* _Excerpted data_
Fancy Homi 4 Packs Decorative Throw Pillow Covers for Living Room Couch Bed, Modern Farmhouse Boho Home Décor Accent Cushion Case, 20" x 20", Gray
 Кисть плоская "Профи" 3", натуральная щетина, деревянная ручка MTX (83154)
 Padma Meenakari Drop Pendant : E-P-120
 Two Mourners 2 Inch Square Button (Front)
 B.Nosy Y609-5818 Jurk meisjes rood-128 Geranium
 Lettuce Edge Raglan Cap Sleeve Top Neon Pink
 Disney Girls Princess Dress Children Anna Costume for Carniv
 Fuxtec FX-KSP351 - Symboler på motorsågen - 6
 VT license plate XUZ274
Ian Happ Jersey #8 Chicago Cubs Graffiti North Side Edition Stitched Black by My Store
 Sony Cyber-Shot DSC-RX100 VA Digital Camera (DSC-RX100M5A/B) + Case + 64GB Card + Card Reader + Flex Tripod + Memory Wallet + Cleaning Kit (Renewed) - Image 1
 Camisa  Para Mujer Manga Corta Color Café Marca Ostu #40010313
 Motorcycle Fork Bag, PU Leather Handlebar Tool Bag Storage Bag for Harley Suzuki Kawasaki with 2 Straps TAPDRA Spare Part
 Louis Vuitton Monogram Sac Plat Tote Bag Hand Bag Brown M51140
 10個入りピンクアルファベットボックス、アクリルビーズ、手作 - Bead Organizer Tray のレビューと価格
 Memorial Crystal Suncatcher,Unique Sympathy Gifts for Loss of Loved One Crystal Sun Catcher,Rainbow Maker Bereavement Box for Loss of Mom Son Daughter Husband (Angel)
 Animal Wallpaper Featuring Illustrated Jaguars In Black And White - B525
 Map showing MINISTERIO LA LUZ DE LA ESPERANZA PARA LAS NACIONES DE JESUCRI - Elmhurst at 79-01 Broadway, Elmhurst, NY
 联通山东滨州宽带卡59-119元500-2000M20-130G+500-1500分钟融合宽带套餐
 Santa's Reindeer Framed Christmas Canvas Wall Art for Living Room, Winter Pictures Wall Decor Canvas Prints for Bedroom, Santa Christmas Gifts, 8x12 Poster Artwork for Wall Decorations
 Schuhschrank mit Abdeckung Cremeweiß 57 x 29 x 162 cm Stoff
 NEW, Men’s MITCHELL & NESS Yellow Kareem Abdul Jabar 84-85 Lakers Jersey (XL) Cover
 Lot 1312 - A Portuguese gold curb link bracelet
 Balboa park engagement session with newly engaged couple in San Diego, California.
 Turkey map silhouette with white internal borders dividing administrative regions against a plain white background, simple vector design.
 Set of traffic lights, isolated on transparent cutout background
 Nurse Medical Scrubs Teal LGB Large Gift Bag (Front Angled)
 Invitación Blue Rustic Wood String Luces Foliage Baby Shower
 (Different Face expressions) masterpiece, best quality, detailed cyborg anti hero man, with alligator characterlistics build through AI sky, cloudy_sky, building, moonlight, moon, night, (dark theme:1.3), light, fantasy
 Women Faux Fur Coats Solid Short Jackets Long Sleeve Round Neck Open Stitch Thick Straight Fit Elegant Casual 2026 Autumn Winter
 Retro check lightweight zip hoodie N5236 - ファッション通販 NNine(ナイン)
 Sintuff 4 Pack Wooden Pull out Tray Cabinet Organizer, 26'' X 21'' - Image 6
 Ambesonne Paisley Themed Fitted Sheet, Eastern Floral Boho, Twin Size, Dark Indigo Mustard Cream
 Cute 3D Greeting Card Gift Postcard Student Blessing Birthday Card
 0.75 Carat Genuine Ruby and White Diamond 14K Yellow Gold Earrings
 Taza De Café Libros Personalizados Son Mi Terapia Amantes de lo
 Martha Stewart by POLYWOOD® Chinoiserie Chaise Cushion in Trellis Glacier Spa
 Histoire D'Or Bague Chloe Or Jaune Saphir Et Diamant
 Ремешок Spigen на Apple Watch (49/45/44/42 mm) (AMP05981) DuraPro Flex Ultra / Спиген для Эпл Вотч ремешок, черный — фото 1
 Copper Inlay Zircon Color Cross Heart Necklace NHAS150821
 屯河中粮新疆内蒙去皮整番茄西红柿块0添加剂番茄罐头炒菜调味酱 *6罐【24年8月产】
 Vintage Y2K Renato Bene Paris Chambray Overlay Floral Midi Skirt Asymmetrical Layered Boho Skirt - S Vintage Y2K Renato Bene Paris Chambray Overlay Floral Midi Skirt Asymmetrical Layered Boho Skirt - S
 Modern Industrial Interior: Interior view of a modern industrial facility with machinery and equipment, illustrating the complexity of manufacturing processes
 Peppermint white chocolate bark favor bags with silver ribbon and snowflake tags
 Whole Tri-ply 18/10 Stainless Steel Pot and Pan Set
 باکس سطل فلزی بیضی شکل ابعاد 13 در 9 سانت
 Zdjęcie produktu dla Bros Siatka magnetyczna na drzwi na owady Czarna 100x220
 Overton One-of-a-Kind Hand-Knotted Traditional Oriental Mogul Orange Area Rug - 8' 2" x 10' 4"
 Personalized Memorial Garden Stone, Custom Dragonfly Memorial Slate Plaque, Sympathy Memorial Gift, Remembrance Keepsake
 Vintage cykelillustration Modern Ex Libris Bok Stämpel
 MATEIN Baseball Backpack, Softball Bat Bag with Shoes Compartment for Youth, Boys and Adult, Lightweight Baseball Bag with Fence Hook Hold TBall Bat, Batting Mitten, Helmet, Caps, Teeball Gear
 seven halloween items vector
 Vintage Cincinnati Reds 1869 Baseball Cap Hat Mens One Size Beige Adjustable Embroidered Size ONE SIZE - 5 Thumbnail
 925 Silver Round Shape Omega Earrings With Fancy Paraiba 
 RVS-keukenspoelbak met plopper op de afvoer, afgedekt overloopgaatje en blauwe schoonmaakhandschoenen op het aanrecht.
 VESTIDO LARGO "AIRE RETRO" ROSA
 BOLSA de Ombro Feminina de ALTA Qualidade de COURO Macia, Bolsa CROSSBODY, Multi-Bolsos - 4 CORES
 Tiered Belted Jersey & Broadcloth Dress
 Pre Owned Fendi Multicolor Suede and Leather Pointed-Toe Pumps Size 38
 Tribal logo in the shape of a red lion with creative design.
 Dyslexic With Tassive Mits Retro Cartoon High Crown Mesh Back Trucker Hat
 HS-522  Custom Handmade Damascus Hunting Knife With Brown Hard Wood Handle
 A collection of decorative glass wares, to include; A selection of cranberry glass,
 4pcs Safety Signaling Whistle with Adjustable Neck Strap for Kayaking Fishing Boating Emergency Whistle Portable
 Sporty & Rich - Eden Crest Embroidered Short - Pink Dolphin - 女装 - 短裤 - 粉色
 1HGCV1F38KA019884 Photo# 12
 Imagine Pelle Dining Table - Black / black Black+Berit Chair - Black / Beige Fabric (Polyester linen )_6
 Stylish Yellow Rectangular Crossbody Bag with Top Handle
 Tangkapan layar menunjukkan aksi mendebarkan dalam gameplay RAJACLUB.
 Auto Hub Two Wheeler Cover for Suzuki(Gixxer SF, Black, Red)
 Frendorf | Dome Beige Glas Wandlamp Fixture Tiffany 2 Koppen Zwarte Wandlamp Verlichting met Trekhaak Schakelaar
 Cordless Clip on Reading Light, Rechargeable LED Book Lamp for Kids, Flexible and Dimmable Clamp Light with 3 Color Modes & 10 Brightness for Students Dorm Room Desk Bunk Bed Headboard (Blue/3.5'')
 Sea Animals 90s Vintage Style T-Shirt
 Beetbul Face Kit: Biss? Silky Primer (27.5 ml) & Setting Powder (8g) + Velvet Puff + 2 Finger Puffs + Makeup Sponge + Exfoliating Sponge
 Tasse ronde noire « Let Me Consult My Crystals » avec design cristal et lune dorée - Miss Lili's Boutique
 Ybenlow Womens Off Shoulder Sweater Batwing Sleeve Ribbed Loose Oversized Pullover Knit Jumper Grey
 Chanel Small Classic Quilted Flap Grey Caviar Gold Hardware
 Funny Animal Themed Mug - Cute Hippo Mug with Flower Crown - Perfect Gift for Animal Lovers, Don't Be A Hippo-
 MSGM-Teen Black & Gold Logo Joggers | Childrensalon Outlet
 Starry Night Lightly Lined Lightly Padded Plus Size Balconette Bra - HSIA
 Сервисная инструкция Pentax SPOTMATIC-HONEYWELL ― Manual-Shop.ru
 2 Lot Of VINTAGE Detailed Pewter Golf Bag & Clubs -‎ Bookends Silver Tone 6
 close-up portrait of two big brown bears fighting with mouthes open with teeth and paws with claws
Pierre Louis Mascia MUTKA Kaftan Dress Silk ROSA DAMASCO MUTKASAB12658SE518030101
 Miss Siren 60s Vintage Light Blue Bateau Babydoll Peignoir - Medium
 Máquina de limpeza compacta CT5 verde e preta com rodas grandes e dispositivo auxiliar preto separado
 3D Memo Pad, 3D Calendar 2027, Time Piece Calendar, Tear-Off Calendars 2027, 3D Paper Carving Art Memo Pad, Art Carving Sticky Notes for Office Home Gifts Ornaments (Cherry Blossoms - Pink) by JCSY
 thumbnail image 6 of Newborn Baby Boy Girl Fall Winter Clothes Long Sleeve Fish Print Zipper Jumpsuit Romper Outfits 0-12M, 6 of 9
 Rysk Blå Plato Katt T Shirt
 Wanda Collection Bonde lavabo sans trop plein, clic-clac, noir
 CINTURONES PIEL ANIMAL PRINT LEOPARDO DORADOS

* _Exercise aim_
Taking the lines above, repeat exactly those from the line that contains "Stylish Yellow Rectangular" through the line that contains "close-up portrait of", and both of those lines as well. Include nothing else.

* _Solution to this exercise_
 Stylish Yellow Rectangular Crossbody Bag with Top Handle
 Tangkapan layar menunjukkan aksi mendebarkan dalam gameplay RAJACLUB.
 Auto Hub Two Wheeler Cover for Suzuki(Gixxer SF, Black, Red)
 Frendorf | Dome Beige Glas Wandlamp Fixture Tiffany 2 Koppen Zwarte Wandlamp Verlichting met Trekhaak Schakelaar
 Cordless Clip on Reading Light, Rechargeable LED Book Lamp for Kids, Flexible and Dimmable Clamp Light with 3 Color Modes & 10 Brightness for Students Dorm Room Desk Bunk Bed Headboard (Blue/3.5'')
 Sea Animals 90s Vintage Style T-Shirt
 Beetbul Face Kit: Biss? Silky Primer (27.5 ml) & Setting Powder (8g) + Velvet Puff + 2 Finger Puffs + Makeup Sponge + Exfoliating Sponge
 Tasse ronde noire « Let Me Consult My Crystals » avec design cristal et lune dorée - Miss Lili's Boutique
 Ybenlow Womens Off Shoulder Sweater Batwing Sleeve Ribbed Loose Oversized Pullover Knit Jumper Grey
 Chanel Small Classic Quilted Flap Grey Caviar Gold Hardware
 Funny Animal Themed Mug - Cute Hippo Mug with Flower Crown - Perfect Gift for Animal Lovers, Don't Be A Hippo-
 MSGM-Teen Black & Gold Logo Joggers | Childrensalon Outlet
 Starry Night Lightly Lined Lightly Padded Plus Size Balconette Bra - HSIA
 Сервисная инструкция Pentax SPOTMATIC-HONEYWELL ― Manual-Shop.ru
 2 Lot Of VINTAGE Detailed Pewter Golf Bag & Clubs -‎ Bookends Silver Tone 6
 close-up portrait of two big brown bears fighting with mouthes open with teeth and paws with claws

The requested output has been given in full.